In recent years, we can see that more and more countries, regions and international organisations in China has tried to export safe and transverse model for transporting data flow through domestic and international treaties.  However, at the same time, there are also many controversial needs to be solved urgently.  In this context, we can see that China has actively promoting the governance (?) cross‑data flow.  However, here is a misleading in the international government's activities which is to encourage the cross‑border data flow without restrictions.  But perhaps their original intention was to achieve a border and the more efficiency data flow effects but the key is they failed to understand the relationship between the data security and data flow.  Now, it's worth mentioning that in the article 1 of the data security law in China, the government's idea of data is to ensure data security and to promote data development and utilization.  In summary, it means pay equal attention to safety and utilization.

So, we agree that pursue cross‑border data flow without paying attention to data security is not only fail to realise the value of data but also breeds security risk such as data linkage and theft, leading the reduction of the economy value of data resources.  So, in the international community, there is a real of China follow the data control path which is essentially politicalised, the issue of data security.  That is because we don't have a unified standard for the international corresponding data flow around the world.  Multi‑relational cooperation always have comply with different domestic laws and the international agreement.

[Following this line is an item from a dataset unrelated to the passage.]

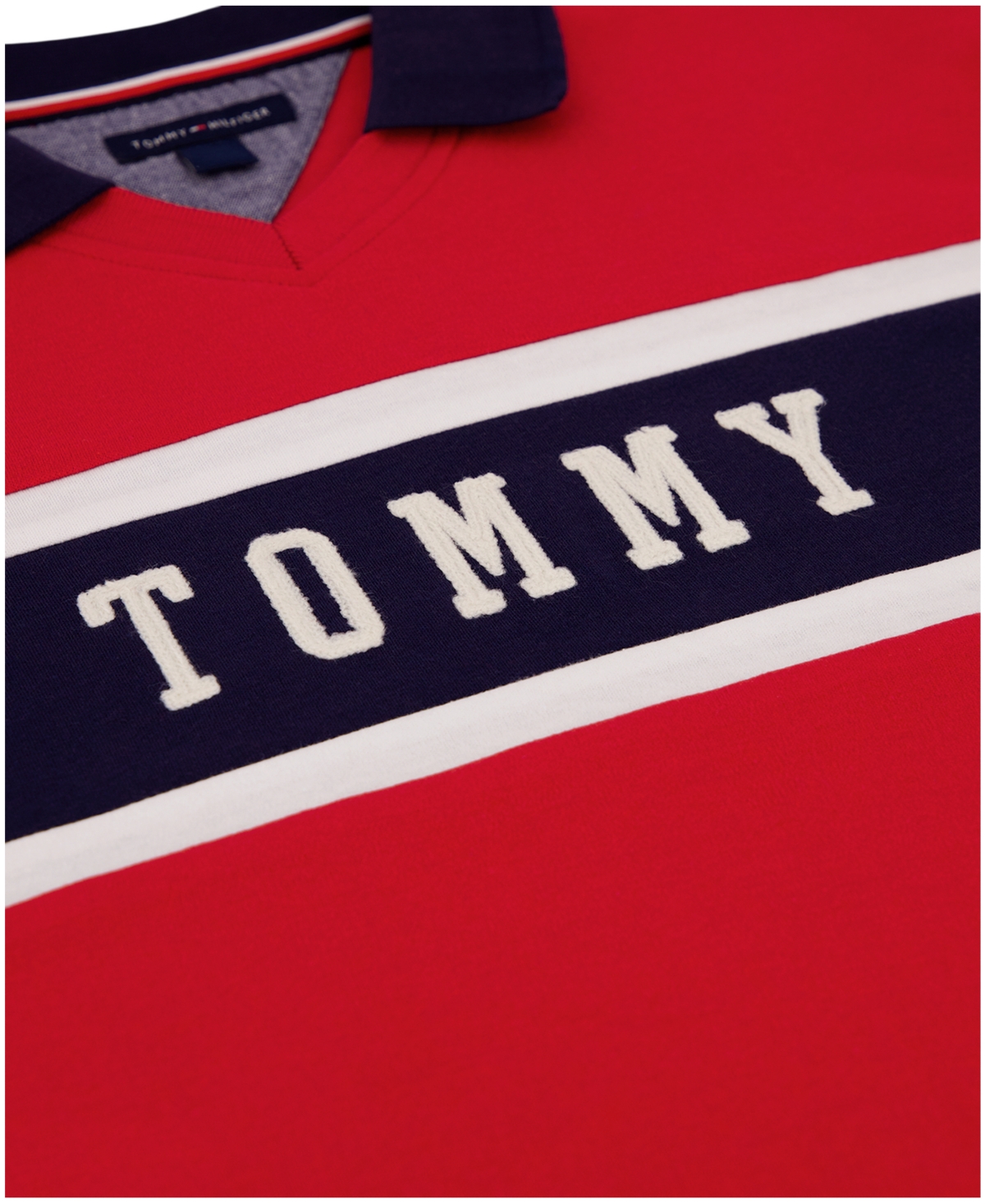 Tommy Hilfiger Toddler And Little Boys 2t-7 Chest Stripe Shirt In Red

So, there's no denying that the national state of security and the citizens' personal privacy are generally recognised primers for cross‑border data flow.  Furthermore, across the global, there's no country allowed cross‑border data flow without any condiction.  And the more country domestic law put data security and national security as a first place.

So, what I want to emphasise is China isn't on an open and cooperative governance model for corresponding data flow.  It's not an (?).  China's domestic law has created four categories of rules for cross‑border data flow, which includes (?) data transfer, standard contract for the cross‑boarding data transfer and the rules for special areas.  So, all above these rules are supported by the corresponding laws and the regulations.

Moreover, a few days ago, Chinese regulator authorities just released the regulation regulating and facilitating the cross‑border data flow.  There's a draft for comments.  This further refined China's governance framework for cross‑border data flow and the response practical issues with social general concern.  For example, the draft clarified that the outbounding data transfer does not require security assignment, standard contract also security certificate occasions, the non‑(?) such as international trades, academic, corresponding and market influence activities.  So Chinese supervision systems for cross‑border data flow is not simply to restrict data export but to better protect and promoting data exports.

So Chinese legislation has established DRC ‑‑ diverse channels for various industrial and enterprise.  But also in line with international rules on the cross‑border data flow.

So all of these help multinational enterprise to solve practical problems for repeating the compliance, multiple compliance, even (?) compliance the processing of outbounding data transfer.

Further, I hope we have reached a consensus that the governments of governance of data especially the cross‑border data flow cannot ignore data security, nor can it set too many restrictions for security.  The concept of a security and utilization coexistence in China data governance system often China approaching to solve the problem of cross‑border data flow.  That is all I wanted to say.  Thank you.  Thank you, professor Wu.

>> WU SHENKUO: Thank you, professor, for your wonderful words.  Due to time limitation, we have to conclude this forum.  We hope to have more in‑depth exchange and discussions in the future.  Once again, we would like to thank all guests and friends for your efforts to contribute to this Open Forum.  We also would like to thank you in IGF for providing us with a most relevant dialogue platform.  This Open Forum is concluded here.  We invite all of you to have a photo group here.  Thank you.